Problème de santé publique depuis 1994 selon l’OMS, un programme de lutte contre le noma a été instauré au Sénégal avec l’adoption d’un plan d’action annuel dès 2006, axé sur la formation, la sensibilisation des populations et des professionnels de santé, la recherche et l’accompagnement des malades. « Les signes de la maladie étaient connus mais pas le nom. Les capacités des professionnels mais aussi des acteurs communautaires en contact direct avec les communautés isolées devaient être renforcées », soutient Dr Badiane. Si les mentalités évoluent, certains continuent encore d’associer cette maladie bactérienne infectieuse à de la sorcellerie.
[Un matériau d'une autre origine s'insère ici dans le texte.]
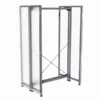 Habillage verre Korytem - h. 123 cm - pour échelle double face - livré avec kit de fixation
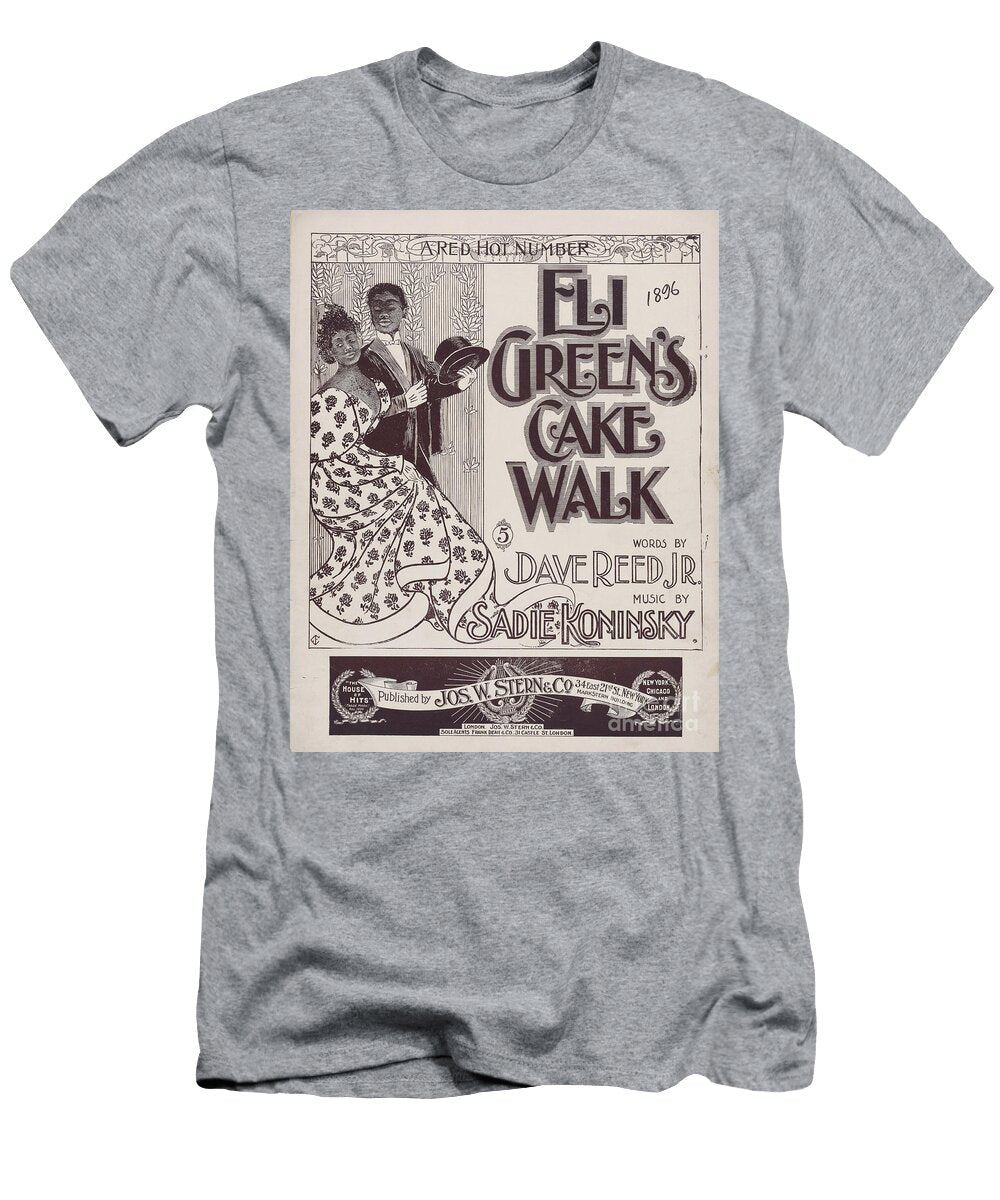 Frontispiece for Eli Greens Cake Walk By Dave Reed Jr and Sadie Koninsky C1896 Litho American School T-Shirt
Selon l’OMS, 140 000 nouveaux cas sont estimés annuellement dans le monde. Mais ce chiffre datant de 1998 est loin de refléter la réalité et souligne surtout le peu d’intérêt pour cette maladie. « Nous avons besoin de chiffres pour constater l’ampleur du noma dans le pays et ne pas piloter à vide. Nous nous sommes aperçus que les zones de forte prévalence coïncidaient avec celles de malnutrition sévère au centre, au Nord (Matam) et au Sud (Kolda, Sedhiou, Tambacounda) du pays », plaide Dr Codou Badiane. En 2000, une centaine de cas a été recensée au Sénégal.

À la demande du Nigéria où la maladie est endémique, soutenue par MSF et 31 pays, une demande d’inscription du noma parmi les maladies tropicales négligées (MTN) a été entreprise. « Il faut renforcer la recherche car beaucoup d’incertitudes sur le noma demeurent, jusqu’à son origine même. En comprenant mieux la maladie, on pourrait mieux la combattre », souligne le Dr Vincent Dossou Sodjinou, représentant par intérim de l’OMS au Sénégal qui appelle à un renforcement des programmes nationaux de santé bucco-dentaire, ainsi qu'à la couverture de santé universelle. Toujours très impliqué pour faire connaître le noma, Lamine s’est donné une nouvelle mission : créer une association de soutien et d’aide aux malades et à leur famille.